Leave the pictures out. Return all other data exactly.

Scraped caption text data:
● ● ● ● ● ● ●

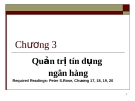 Quản trị tín dụng ngân hàng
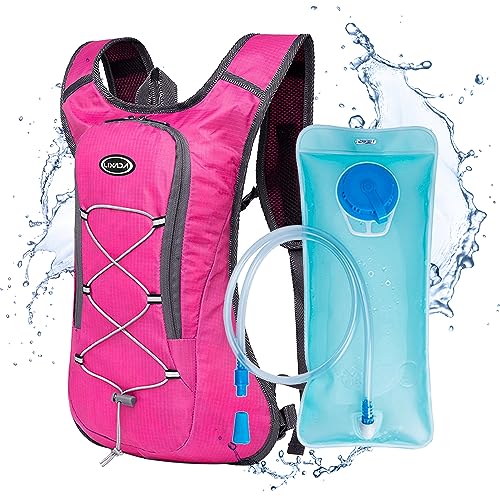 Lixada Trinkrucksack, Wanderrucksack mit 2L Wasserblase, Sportrucksack, Atmungsaktiver Ultraleichter Fahrradrucksack, Laufrucksack für Wandern Klettern, Fahrradfahren, Laufsport, Camping Lixada Trinkrucksack, Wanderrucksack mit 2L Wasserblase, Sportrucksack, Atmungsaktiver Ultraleichter Fahrradrucksack, Laufrucksack für Wandern Klettern, Fahrradfahren, Laufsport, Camping von Lixada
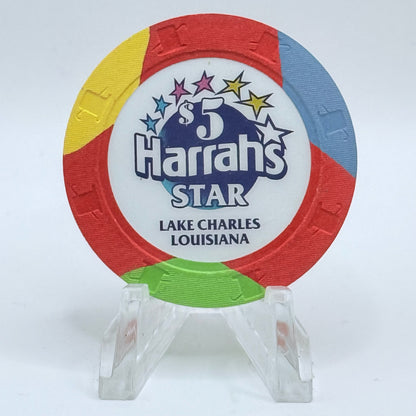 Harrah's Star Lake Charles Louisiana 2000 $5 Casino Chip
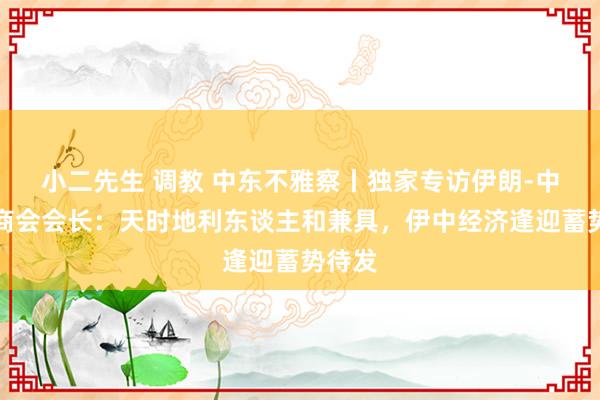 小二先生 调教 中东不雅察丨独家专访伊朗-中国工商会会长：天时地利东谈主和兼具，伊中经济逢迎蓄势待发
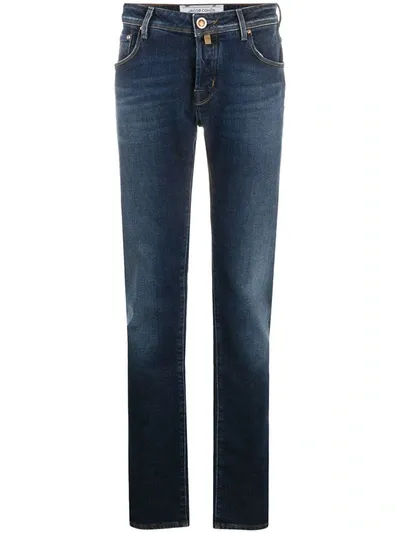 Jacob Cohen Mid-rise Slim-fit Jeans In Blue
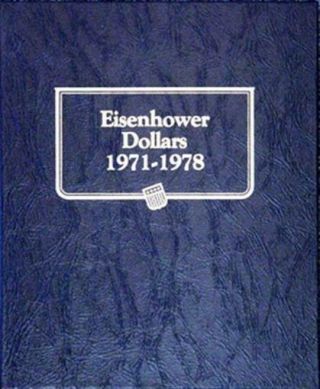 Eisenhower Dollars Coin Album 1971 - 1978 By Whitman 9131 Us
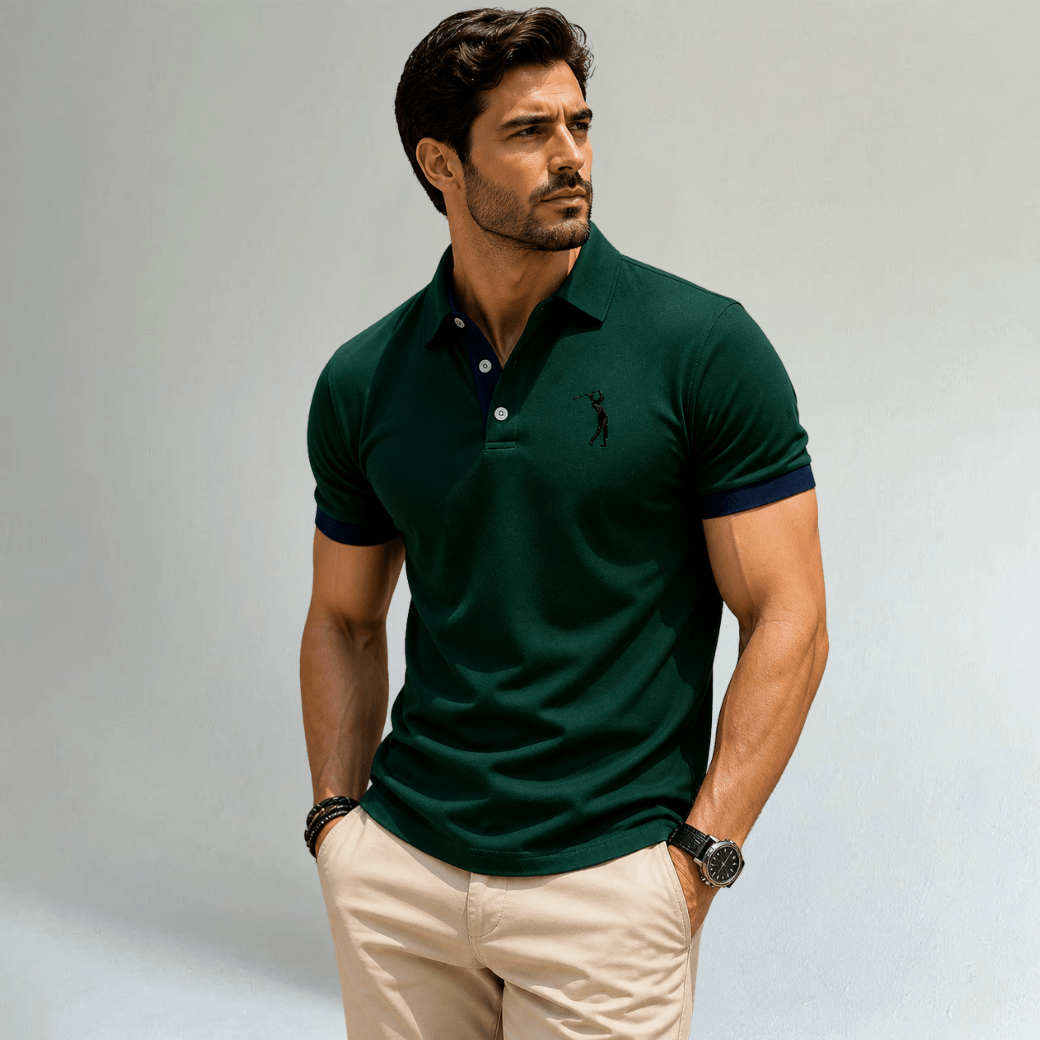 Casual Printed Golf Polo Shirt - Montford & Co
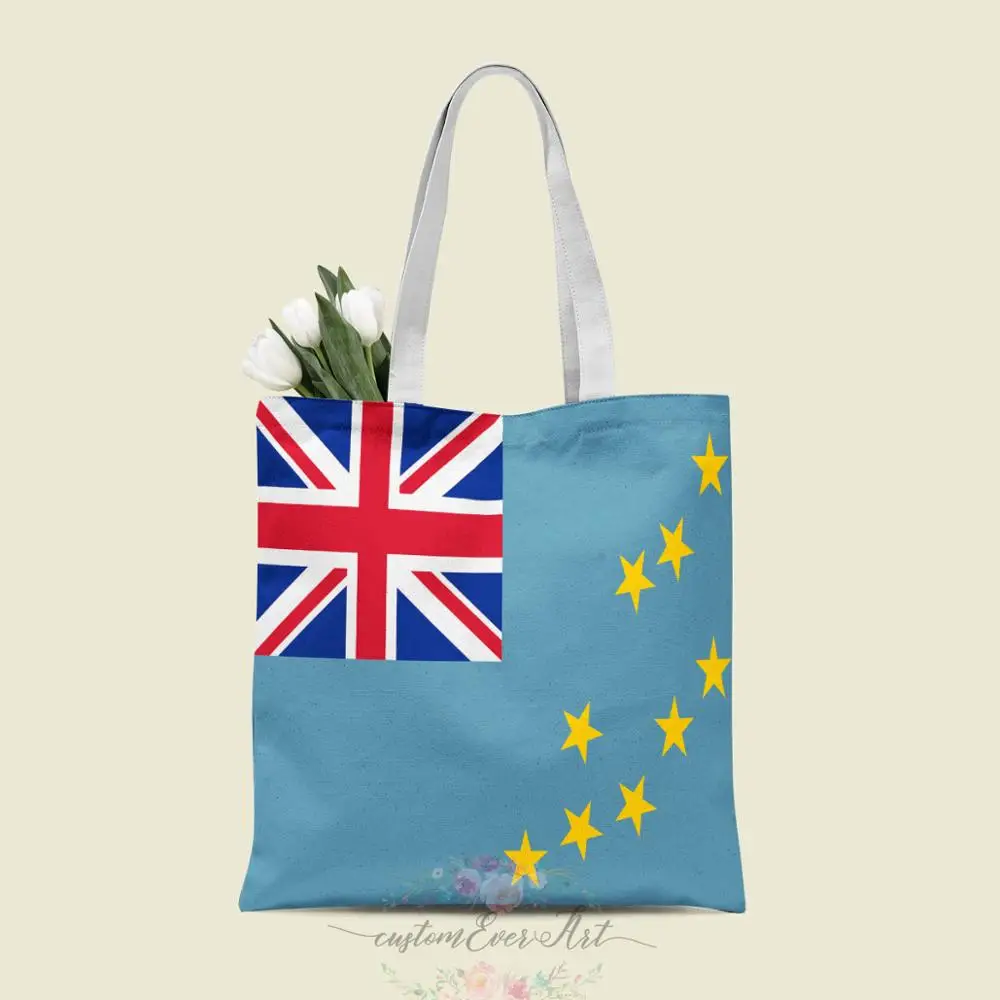 

Tuvalu tote bag custom canvas tote bags for women for teacher Birthday Bags Gift Bag personalized gifts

● ● ● ● ● ● ●

EXERCISE ANSWER
 Quản trị tín dụng ngân hàng
 Lixada Trinkrucksack, Wanderrucksack mit 2L Wasserblase, Sportrucksack, Atmungsaktiver Ultraleichter Fahrradrucksack, Laufrucksack für Wandern Klettern, Fahrradfahren, Laufsport, Camping Lixada Trinkrucksack, Wanderrucksack mit 2L Wasserblase, Sportrucksack, Atmungsaktiver Ultraleichter Fahrradrucksack, Laufrucksack für Wandern Klettern, Fahrradfahren, Laufsport, Camping von Lixada
 Harrah's Star Lake Charles Louisiana 2000 $5 Casino Chip
 小二先生 调教 中东不雅察丨独家专访伊朗-中国工商会会长：天时地利东谈主和兼具，伊中经济逢迎蓄势待发
 Jacob Cohen Mid-rise Slim-fit Jeans In Blue
 Eisenhower Dollars Coin Album 1971 - 1978 By Whitman 9131 Us
 Casual Printed Golf Polo Shirt - Montford & Co

Tuvalu tote bag custom canvas tote bags for women for teacher Birthday Bags Gift Bag personalized gifts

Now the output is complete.